EVANSVILLE – A state inspector demanded Vanderburgh County Commissioners and Council develop a real plan to address overcrowding and understaffing conditions at the Vanderburgh County Jail.
County officials have six months to figure out how to bring the 10-year-old jail up to state standards. The solution could be costly, but it could be more expensive to ignore the demands.
Indiana Department of Correction Executive Director of Sheriff and County Jail Operations Kenneth Whipker sent a letter to the county that listed how the county jail was not in line with state rules.
❚ The jail is overcrowded. Its capacity is at about 120 percent.
❚ Not all inmates have access to a bed.
❚ There isn’t at least one toilet and one shower per 12 inmates
❚ There aren’t at least 35 square feet per inmate in a cell area and at least 50 square feet per inmate in the dorm area.
❚ Not having at least 20 percent unused beds in the jails means there can’t be a system to safely house, segregate and accommodate inmates with special needs.
❚ The jail doesn’t have enough personnel to provide “adequate supervision and to ensure staff and inmate safety” (specifically directed at Vanderburgh County Council).

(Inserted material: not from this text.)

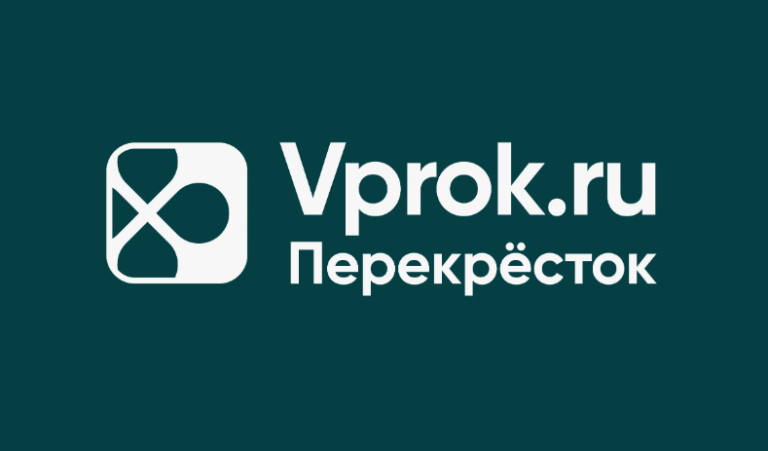 Перекрёсток Впрок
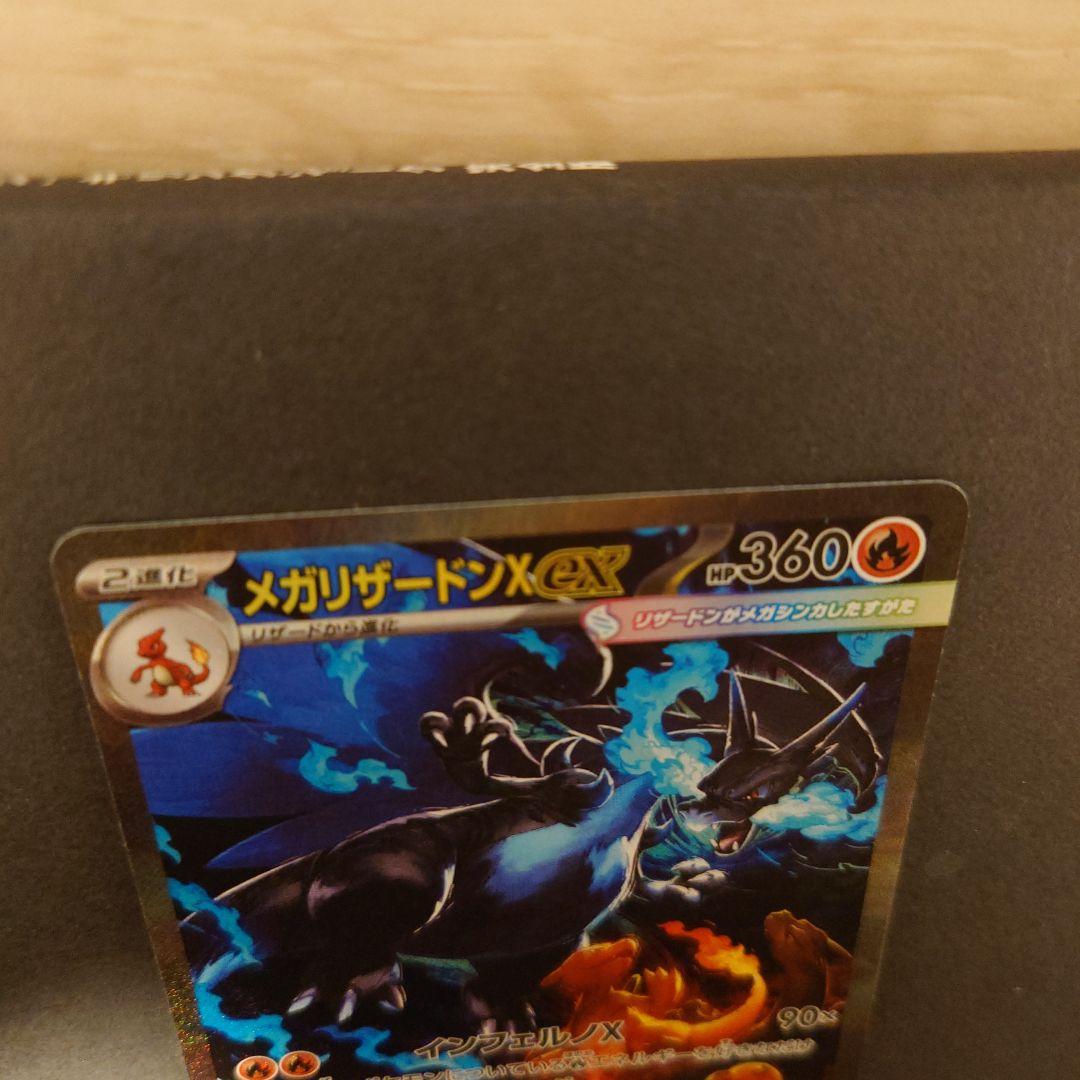 ポケモンカード　インフェルノX メガリザードンX ex sar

Whipker told the Courier & Press Monday he doesn’t just want county officials to talk about the problem, he wants to see tangible developments — funding mechanisms, drawings, fleshed-out details — when he checks back in April.
“You can’t just talk about something. You have to have a plan in place,” Whipker said.
Vanderburgh County Commissioners will discuss Whipker’s letter at their 3 p.m. meeting Tuesday in room 301 of the Civic Center, 1 N.W. Martin Luther King Jr. Blvd.
The jail has a capacity of 553 people. During Whipker’s inspection on Oct. 25, there were 643. The county also has about 60 others lodged at other area jails.
Several women lodged at the jail are forced to sleep on “boats,” plastic cots that lay on the floor. By state definition, a bed must be 12 inches off the ground.
The jail was built with two housing pods, each with 256 beds. Previous estimates put adding a third pod at $15 million.
If the county doesn’t form a plan in the next six months, a court could order renovations and require more staffing. The state could also recommend time limits on housing inmates, force the county to move its inmates to meet capacity or even shut down the jail, all of which Whipker considered parts of the highly unlikely “nuclear option.”
“Someone’s going to have to foot the bill for that,” he said.
He commended Sheriff Dave Wedding and Jail Commander Chad Ferguson, who he said are doing the best they can with the resources they have.
“That’s a facility I want to see mirrored with others,” he said.
Wedding has repeatedly spoken out about the jail’s issues, which he called “grossly wrong and grossly neglected” this summer.
Vanderburgh County isn’t alone in the state. A state legislative committee reviewing solutions to jail problems estimates 44 county jails of the 91 in the state are also overcrowded.